Sergio Amadeu, um dos representantes da comunidade científica e tecnológica, considera elevado o número de participantes do setor governamental, apesar de ressaltar que o modelo brasileiro é visto como exemplo no mundo inteiro. Sociólogo, Amadeu também defende a paridade. “A internet exige que os segmentos da sociedade civil tenham interação para organizar a governança. O problema é que o governo, sozinho, tem mais representantes do que os demais, o que garante poder de pautar e definir questões. Isso enfraquece o CGI”, afirma.

 

Equilíbrio
A ideia do equilíbrio é fundamental para a gestão da internet, no entender de Amadeu. “O CGI não foi criado para dar força a quem tem mais capital. Pelo contrário, foi feito, exatamente, para representar os interesses mais diversos”, diz. Sobre a alegação do presidente do SindiTelebras, de que mesmo os representantes da comunidade científica e tecnológica são da área social, o que desequilibra ainda mais as decisões, Amadeu é categórico: “A internet não é mais um interesse exclusivo da área de tecnologia. É uma construção vital para política pública, para ciência, medicina. Nosso esforço é no sentido de ampliar a modelagem do colégio eleitoral”, reage.

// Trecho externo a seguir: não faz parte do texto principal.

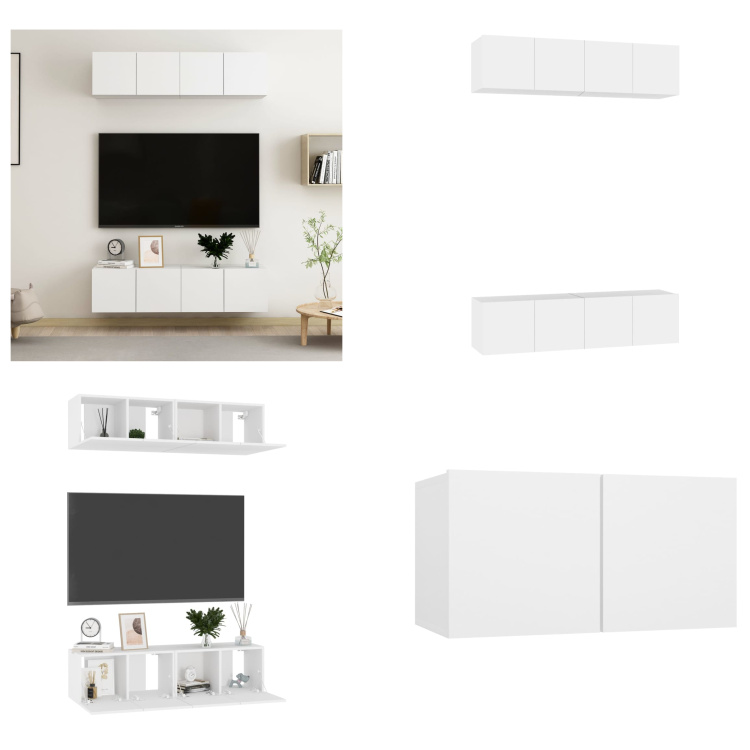 vidaXL TV Schränke 4 Stk. Weiß 60x30x30 cm Holzwerkstoff - TV-Schrank - TV-Schränke - HiFi-Schrank - HiFi-Schränke HL3074450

Tanto Amadeu quanto Flávia defendem que, além de maior paridade na representação, as reuniões do conselho sejam abertas e transmitidas pela internet em tempo real. “Já coloquei em votação essa ideia porque o comitê deve ser transparente. Isso ampliaria a percepção da relevância do CGI, inclusive pelo setor empresarial, e permitiria à sociedade entender os temas discutidos”, ressalta.
O secretário do Ministério da Defesa, Franselmo Araújo Costa, um dos nove integrantes do comitê indicados pelo governo, afirma, em nota, que, “assim como os representantes dos demais setores, tem o papel de trabalhar por uma internet democrática, melhor, justa e com normas, procedimentos e padrões técnicos e operacionais adequados aos melhores padrões internacionais”.

Procurada, a Agência Nacional de Telecomunicações (Anatel), informou que o conselheiro Otavio Luiz Rodrigues Junior, que representa o órgão no CGI, está em férias. O coordenador do CGI, Maximiliano Martinhão, não atendeu à reportagem.